Do you think this would be possible for your family as well? For example, maybe your mindset is "save" because you earn a good salary and you know that if you save, in a few years you'll be well-off and will be able to afford exponentially more, whereas the rest of your family objectively has no way out of poverty, so they don't even try.

[1] http://www.theguardian.com/society/2014/sep/21/linda-tirado-...

3 comments

I agree that savings and restraint in spending are not the main issue. But on the other hand, if you:

1) Graduate high school,

2) Wait until age 21 to get married, and wait until marriage to have children; and

3) Have a full time job (any full time job),

then you have a 2% chance of living in poverty, and a 75% chance to be middle class. So in order to argue that bad choices don't matter, you need to make the case that one of these three steps is impossible for most people who are poor. I think your best bet is #3.

[1] http://www.brookings.edu/research/opinions/2013/03/13-join-m...

It's not clear from the article if those percentages include all of the society or just those that started out poor. If it's the former, it might be just correlation, not causation.
I'm pretty sure it's the former.

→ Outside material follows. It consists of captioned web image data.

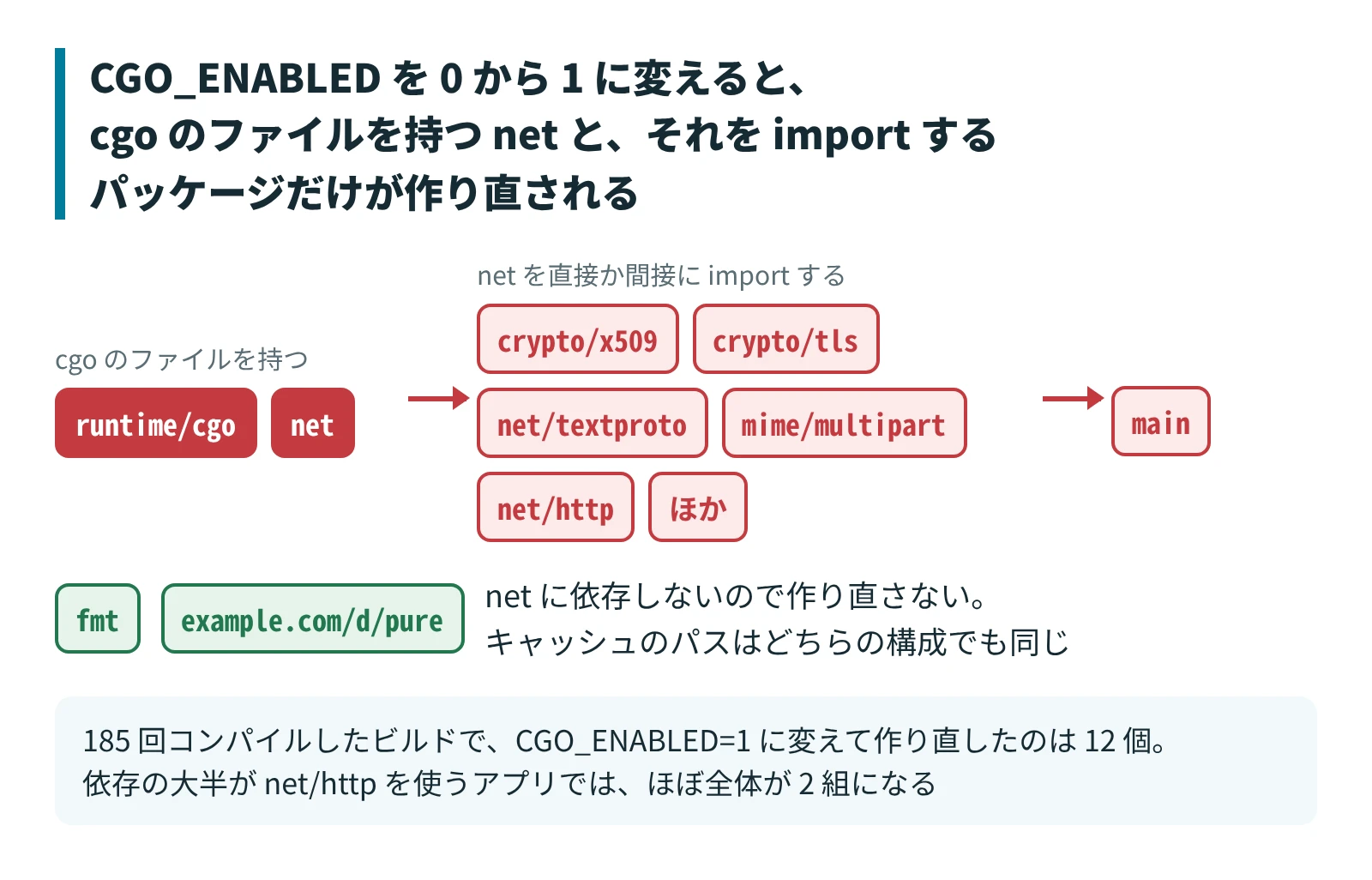 CGO_ENABLED を 0 から 1 に変えると、cgo のファイルを持つ net と、それを import するパッケージだけが作り直される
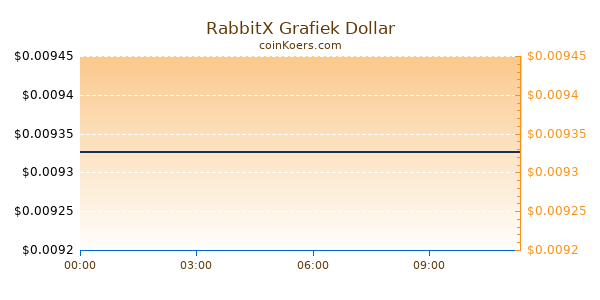 RabbitX Grafiek Vandaag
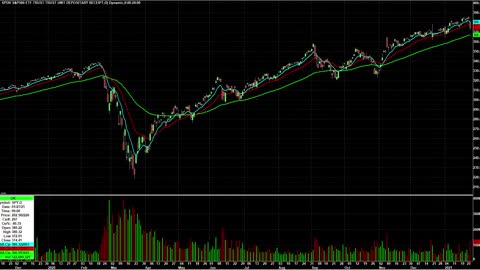 Day Trading Watch List Video for January 28th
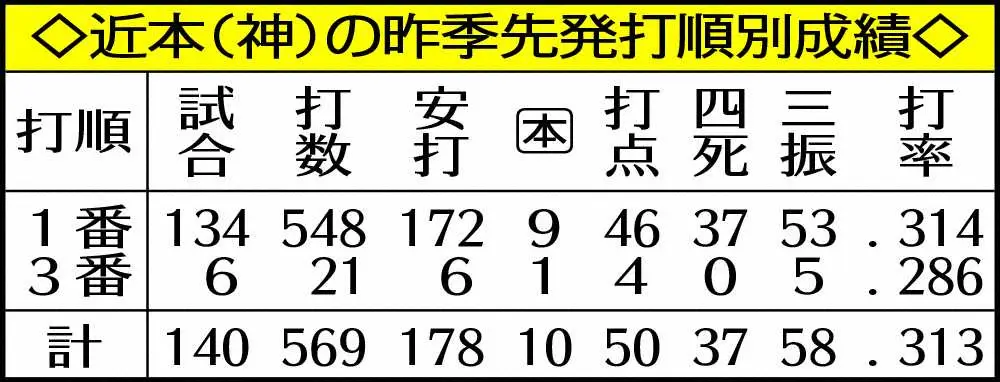 阪神・近本の昨季先発打順別成績　　　　　　　　　　　　　　　　　　　　　　　　　　　　　　　　　　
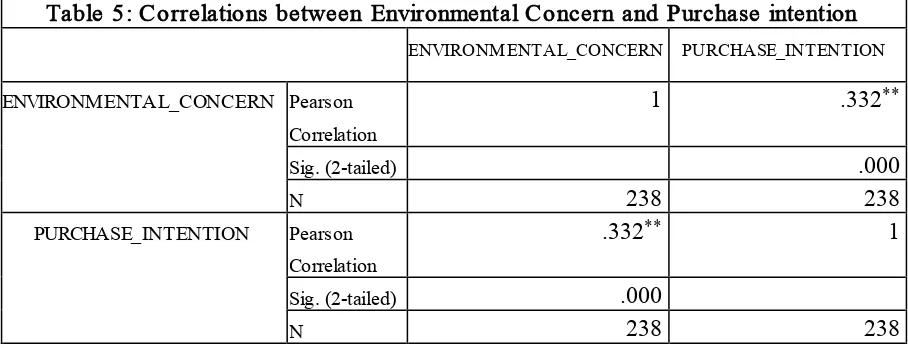 Table 5: Correlations between Environmental Concern and Purchase intention 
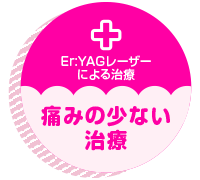 医院の特徴01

I don't find it plausible that these three things wouldn't have a causal effect on income, but it's a fair point that it would be more useful to see those percentages broken down by starting income level.
I think maybe its subconscious but they view getting rich as a singular event like winning the lottery, gambling or a lawsuit (I wish I was kidding on the second one) and not an long term compounding effect using money as your leverage. That article is really good and I think sums that mindset up really well: if getting rich was a singular event then I will spend everything I have until the event happens to me.
I think this is a pretty basic and important point. Even though money "doesn't by happiness" it can buy escape, even for short periods of time. That escape is as powerful as any drug when your day-to-day life is significantly depressed, with no foreseeable exit.

So for some people, there's not much difference in $100 and $100,000 without education and impulse control.